# Greetings from Norway



## markmaster (Jan 21, 2010)

And I, being from a warmer climate, am fascinated by how beekeeping functions in colder climates like yours. Looking forward to your posts!


----------



## MeriB (Mar 15, 2010)

Welcome. I am also facinated in how you do with your top bar hives and beekeeping in general in your climate.


----------



## Duboisi (Oct 7, 2009)

I will have some experience to share by next year.

Check out this link (in Norwegian) http://bikuben.mulebakken.net/topplistkube/

Not sure how popular it's to post links to other forums, but at this one is dedicated mainly to top-bars and have many users from England and some from Scandinavia. http://www.naturalbeekeeping.org/


----------



## AmericasBeekeeper (Jan 24, 2010)

Welcome, best wishes!


----------



## DavesBees (Jun 2, 2009)

I think you will find the top bar hive will work just fine in Norway. Bees will try to survive in whatever hive you put them in and they will die in those same hives. What bees really want is a large store of honey over their heads in the winter. But if they built their hive in a floor space of say 8 inches tall and do just fine; they didn't do much moving up. Healthy bees will find their stores no matter which direction they have to move. A giant space above them for winter that some Beekeepers would say won’t work is best demonstrated at http://www.oscarperone.com.ar/. Wait for the translate bar to drop down and then you can translate to English. If you are playing around with methods perhaps you could try the Perone hive as well. You may be able to modify one of you Nationals or even adjust present procedures to simulate the principles he uses.


----------



## kamildursun (Mar 25, 2010)

Thanks Dave I will check it out. Beekeeping eqpt is very standardised in Norway but it would be fine to try something new.
Kamil


----------



## Duboisi (Oct 7, 2009)

@Dave: I am thinking that those hives are best suited for hot climates, as the hot air rises. It should even help them to keep the brood-nest cool.

In a cold climate, it means that the heat will disappear into the void during winter. In turn this will require lots of energy to keep the cluster warm.


----------



## JPK (May 24, 2008)

Bees really don't want to move laterally....particularly in cold weather.

Do a survey of folks that run TBH's in northern climates....good luck finding many that are successful on any significant scale


----------



## Duboisi (Oct 7, 2009)

@JPG: Forgive me, as I am a novice. But don't the bees move sideways from comb to comb in all hives? I would imagine that in a Langstroth hive, they go up to the top on one side, and then move slowly towards the other side as the honey is used. In what way is this different from bees moving from the end of the broodnest and towards the other end?

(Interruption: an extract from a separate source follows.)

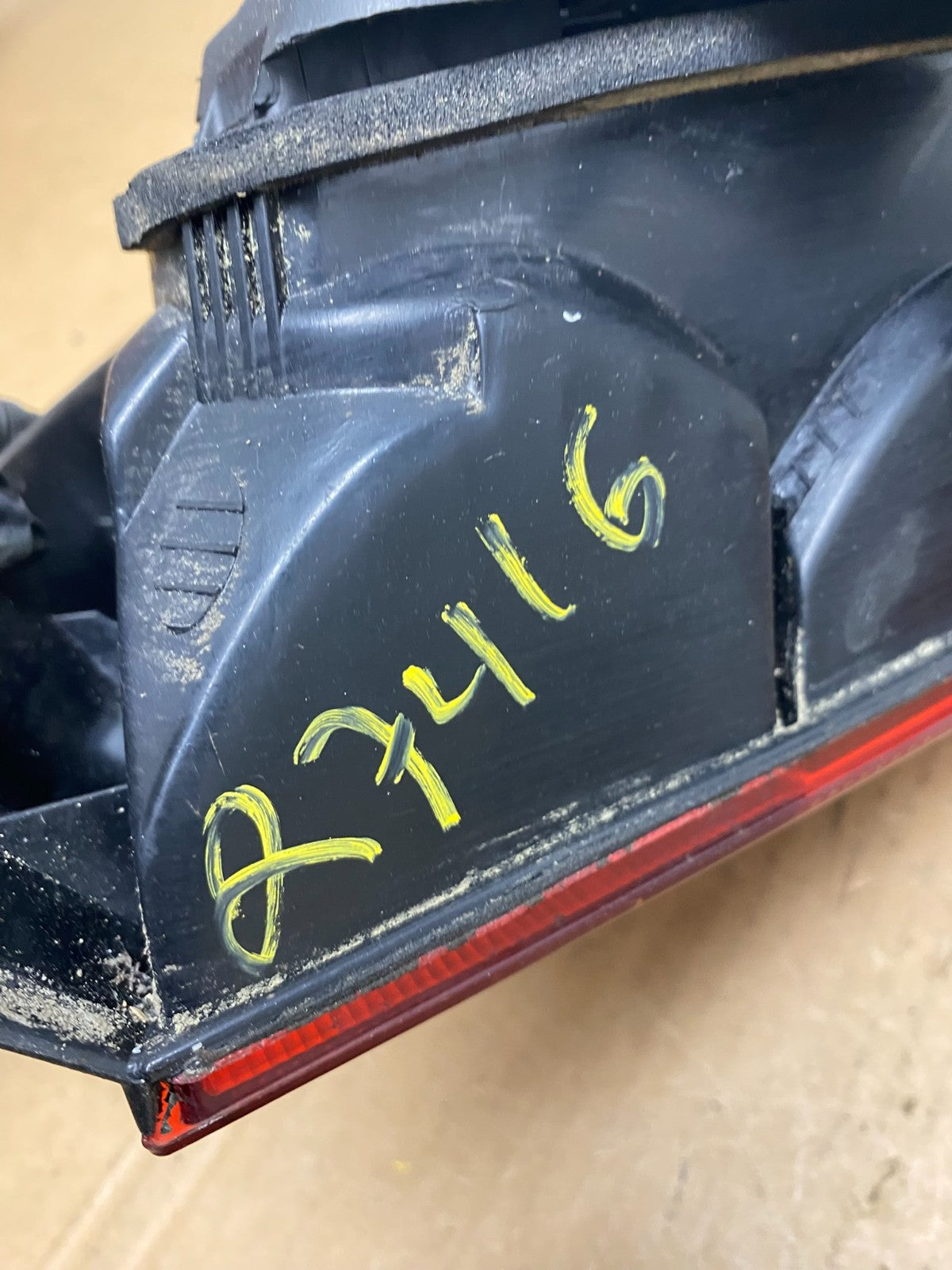 1996-2000 BMW 5-SERIES E39 528i 540i Left Driver Side LH Tail Light Oem Q7416 DW6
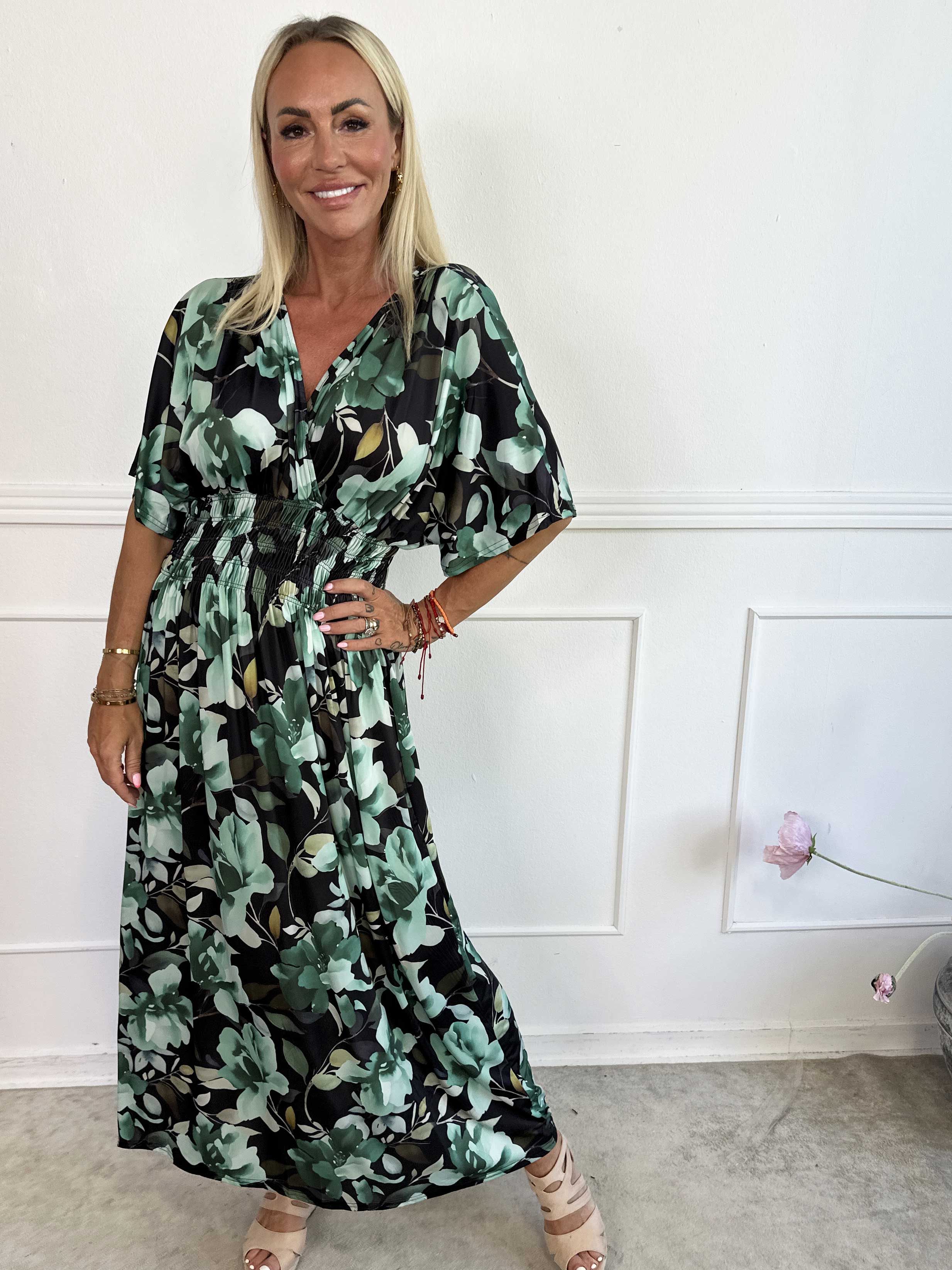 Pams Fiore - Lång elastisk klänning i blommigt mönster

I think it is pretty hard to find people running TBH at a significant scale in temperate climates aswell.
There may be reasons why TBH will not work well in a cold climate, but without trying, it's hard to know.

I have heard that the vikings were using similar types of hives, only that they were called trough-hives or something along that order. I have not gotten it confirmed, so it might be wrong.


----------



## my2collies (Mar 26, 2010)

Hi, I'm going to be following your posts with interest. I am just starting in Minnesota, and it's also pretty cold here. Hopefully both of us will be successful as northern beekeepers!

Cindy


----------